Fed Chairman Jerome Powell tried to keep up his dovish message to calm inflation fears, but it didn't seem to have much effect. He said the central bank was concerned about the recent rise in Treasury yields and inflation was likely to rise temporarily, but the Fed gave no indication that it would take any action to address the rise in government borrowing costs. The yield on the 10-year Treasury notes briefly rose more than 1.5% after the speech, and Wall Street gave up all of its gains. In addition, total nonfarm payroll employment rose by 379,000 in February, and the unemployment rate was little changed at 6.2%, much higher than expected, pushing Treasury yields higher. At last week's close, the S&P 500, Nasdaq and Dow were at 3,768.47, 12,723.47 and 30,924.14, respectively, down 1.59%, 3.02% and 1.52% for the week. See live S&P500 chart:
Source from: Mitrade
Subsequently, the U.S. Senate passed Biden's $1.9 trillion stimulus package over the weekend. As a result, as the market is optimistic about the economic recovery, the sharp rise in U.S. bond yields has become a time bomb for the U.S. stock market, possibly pushing it in turmoil in the future.
Last week, Australia's monetary policy and interest rate decisions came as scheduled. The Reserve Bank of Australia kept interest rates on hold at a record low of 0.1% and pledged to buy $100 billion more government bonds in the coming months to keep government borrowing costs down. It also said it will not raise interest rates until the economy continues to grow strongly. After the decision, inflation concerns were removed and consequently AUD/USD rallied in the short term. At last week's close, the currency pair was at 0.7678, down 0.32% for the week.

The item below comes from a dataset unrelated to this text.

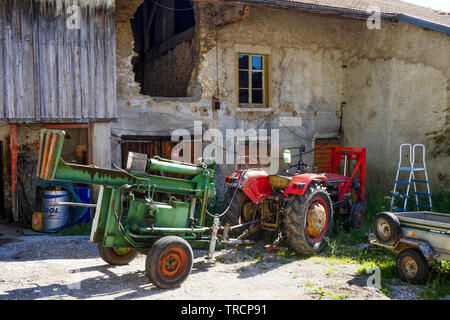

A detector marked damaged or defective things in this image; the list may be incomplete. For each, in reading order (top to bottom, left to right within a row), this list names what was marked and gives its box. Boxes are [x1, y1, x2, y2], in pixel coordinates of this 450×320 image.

rusty metal surface [0, 0, 116, 122]
rusty wheel rim [304, 198, 328, 242]
rusty wheel rim [159, 248, 187, 282]
rusty wheel rim [400, 256, 418, 278]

In addition, the GDP data of Australia showed that the GDP increased by 3.1% in the fourth quarter of last year, and the figure shrank by 1.1 in 2020, which reflected that the Australian economy is realizing steady recovery. Australian retail sales fell short of expectations, mainly due to the economic blockade in Brisbane, Australia, which led to a 0.5% increase in February's retail sales. The Australian dollar fell from its previous high of 0.8 against the greenback last week as the latter rebounded strongly. However, given the ongoing heat in the commodity market, the possibility of a return to 0.8 in the near term remains strong.

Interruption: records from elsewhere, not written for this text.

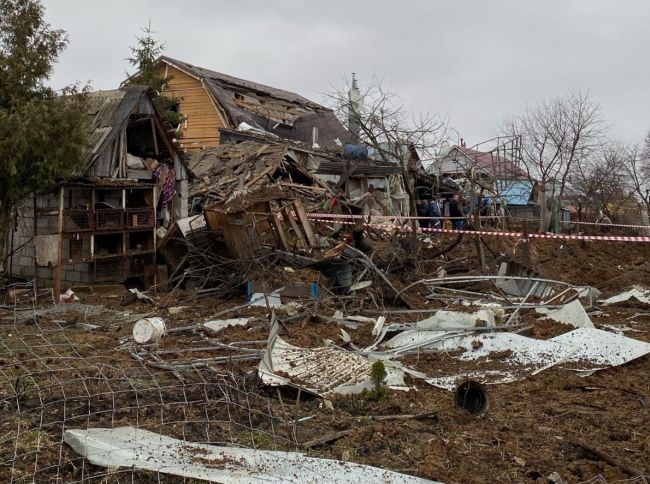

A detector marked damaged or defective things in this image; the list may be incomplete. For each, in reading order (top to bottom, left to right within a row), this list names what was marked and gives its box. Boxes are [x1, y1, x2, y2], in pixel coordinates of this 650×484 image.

broken roof ridge [158, 55, 330, 111]
damaged roof [158, 56, 350, 149]
broken plastic sheet [532, 298, 592, 328]
broken plastic sheet [258, 320, 420, 396]
broken plastic sheet [384, 328, 648, 392]
broken plastic sheet [64, 428, 436, 484]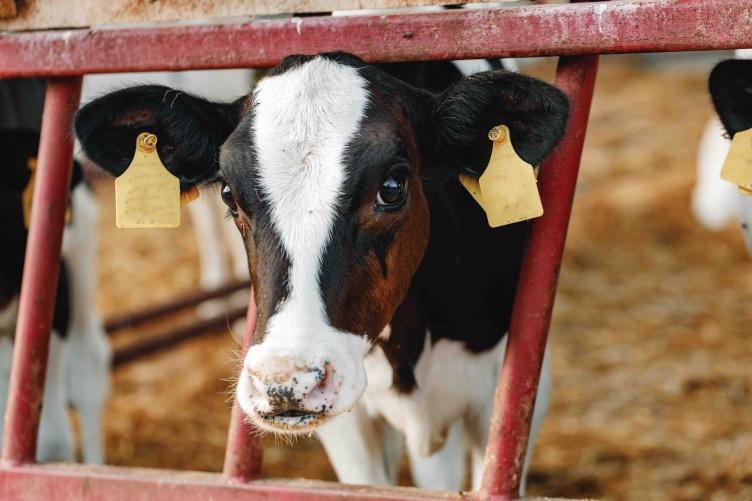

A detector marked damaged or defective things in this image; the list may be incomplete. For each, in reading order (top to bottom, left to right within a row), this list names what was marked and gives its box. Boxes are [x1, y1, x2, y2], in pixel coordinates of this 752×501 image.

rusty paint on metal [0, 0, 752, 77]
rusty paint on metal [0, 75, 82, 464]
rusty paint on metal [482, 54, 600, 496]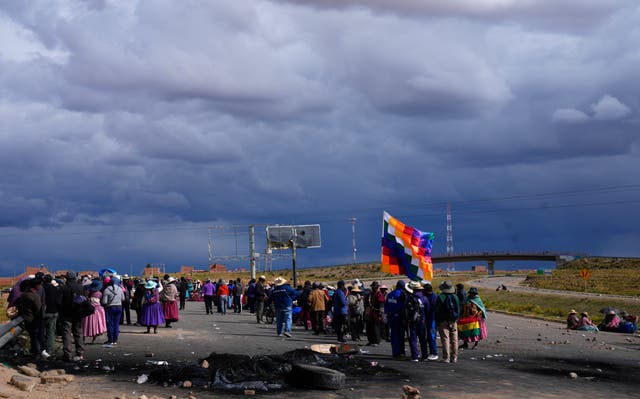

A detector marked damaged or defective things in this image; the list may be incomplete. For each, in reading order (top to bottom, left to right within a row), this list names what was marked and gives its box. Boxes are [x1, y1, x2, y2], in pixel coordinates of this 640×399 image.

burnt tire [288, 364, 344, 390]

The euro's decline continued last week. The European Central Bank was stepping up its bond buying in response to a recent sell-off in Eurozone bonds triggered by a surge in bond yields. And the road to recovery is not be smooth. PMI for the Eurozone's manufacturing and services sectors contracted last week at 48.4 and 45.7 respectively. Adding to the euro's struggles, Eurozone retail sales data showed European Union retail sales fell 5.9% in January, down sharply from a 1.8% rise in December. On top of that, the dollar's strong rebound added to the euro's downward trend, with the single currency briefly breaching the important level of 1.2 against the dollar. By the end of last week, the euro ended at $1.1911, down 1.32% for the week.
Despite the various policy tools used by the European Union and its member governments, the uncertainty created by the virus remained. At the same time, the slow pace of vaccination in Europe, compared with America and Britain, makes the euro's prospects look unattractive. Investors should keep an eye on economic weakness in the Eurozone and possible dovish comments from the European Central Bank that could weigh on the single currency again this week ahead of Eurozone GDP data and central bank interest rate decisions.